Editor’s note: this story pairs with “Classically trained chef finds success through fried chicken”
Elizabeth Callahan finishes work at 9 p.m. There’s no food in the fridge because she doesn’t have time to go grocery shopping. She’s tired. She’s hungry. So is her husband.
In the past, Elizabeth and Jake Callahan would go to Wendy’s or McDonald’s. But now, they can have high quality food delivered right to their door — even after 9 p.m.
“I don’t want to make food. I have homework to do. If someone can cook for me and deliver it to my house, that’s nice,” Elizabeth said, “and late, as well.”
In spring of 2016, Jacob and Ammon Chung started a late night sushi delivery business, Five Sushi Brothers, to solve problems such as Elizabeth’s .
They were quickly followed by the opening of Chip Cookies in November 2016. In September 2017, Love Me Tenders began delivering fried chicken sandwiches after 9 p.m., inspired by the examples of Five Sushi Brothers and Chip Cookie Co.
These businesses have experienced exponential growth in a small amount of time, opening the door for further development of a late night food culture that doesn’t revolve around pizza.
BYU marketing and entrepreneurship professor Gary Rhoads attributes the trend to the large population of college students in Provo and Orem who stay up late because of jobs, social activities and studying.

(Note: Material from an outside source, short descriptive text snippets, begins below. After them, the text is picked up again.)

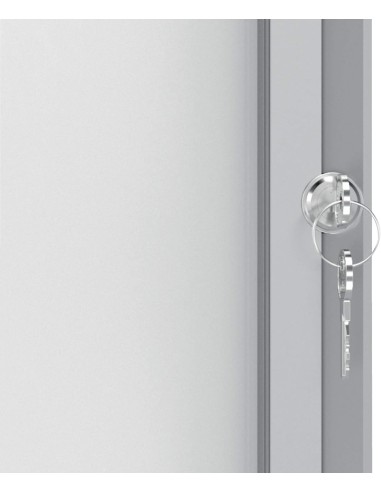 Vitrina exterior aluminio fondo magnético 53,2...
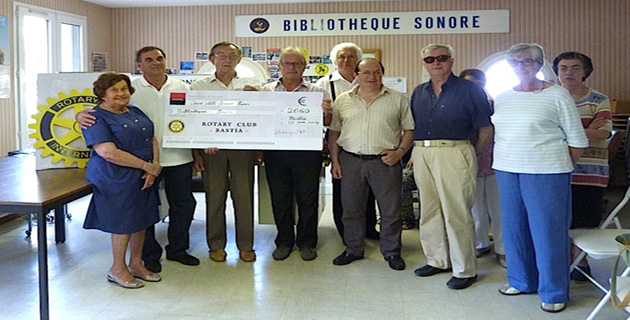 Un beau geste de générosité du Rotary Club de Bastia Doyen envers la bibliothèque sonore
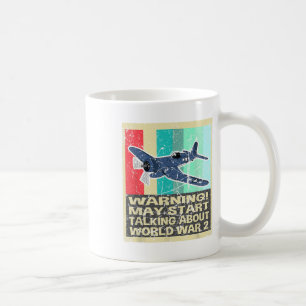 Die Retro-Warnung kann beginnen, über WW2 Shirt Wo Kaffeetasse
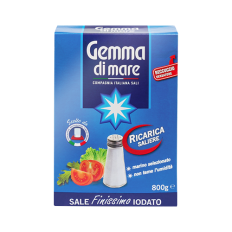 Gemma olasz tengeri jódozott só nagy szemű 800g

He said that after returning to their apartments at the end of a long day, most students don’t want to leave again to go get food — especially fast food, which is typically the only thing available after 9 p.m.
But what really has made these businesses successful, Rhoads said, is the variety of options they provide.

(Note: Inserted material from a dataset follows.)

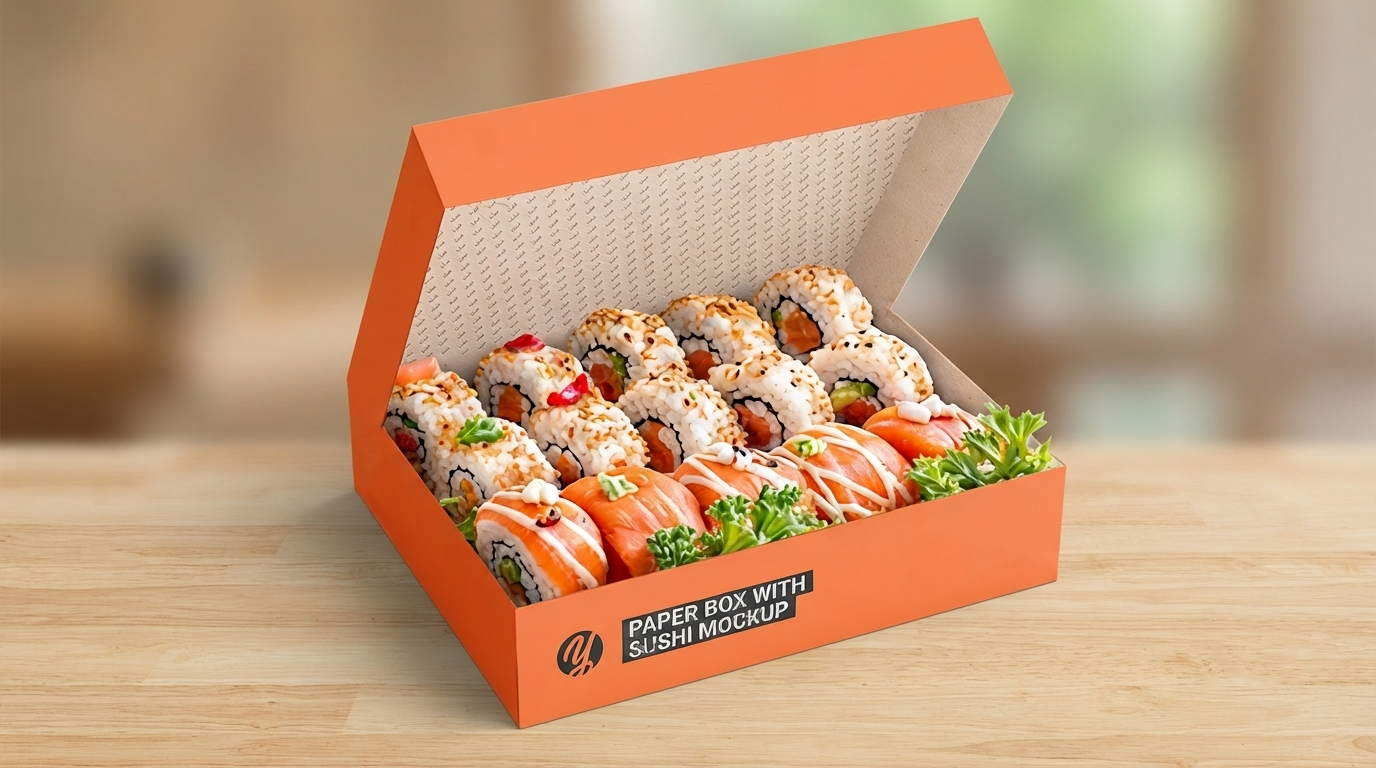 Sushi Roll Box for Perfect Maki & Hand-Roll Takeaway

“Now what comes to your door traditionally? Pizza,” Rhoads said, “So all of a sudden there’s this alternative.”
For Elizabeth and Jake, these alternatives are a much better option than pizza.
“It’s more expensive than the other options I have, and I like the other options better,” Jake said, “For feeding a large amount of people, (pizza) is probably better, but just for the two of us, it’ll end up being the same or even cheaper to go with these other options and they’re better food.”
While Rhoads theorized that restaurants like Five Sushi Brothers, Chip Cookie Co. and Love Me Tenders have cut into pizza delivery profit, neither the local Domino’s nor the local Papa John’s was able to confirm a dip in delivery sales.
Of course, Rhoads said, the idea of late night food delivery that isn’t pizza isn’t new.
“This is a phenomenon that’s happening all over the country, in some of the large cities,” Rhoads said.
For Stephen Wirthlin, co-founder of Chip Cookies, the big city is where he and his brother drew inspiration for their product.
“We were kind of going for a big city feel, and we loved the idea of late night delivery,” Wirthlin said in an article in spring of 2017.
Wirthlin’s brother and co-founder, Chris, added that people don’t really have to go to the “big city” anymore.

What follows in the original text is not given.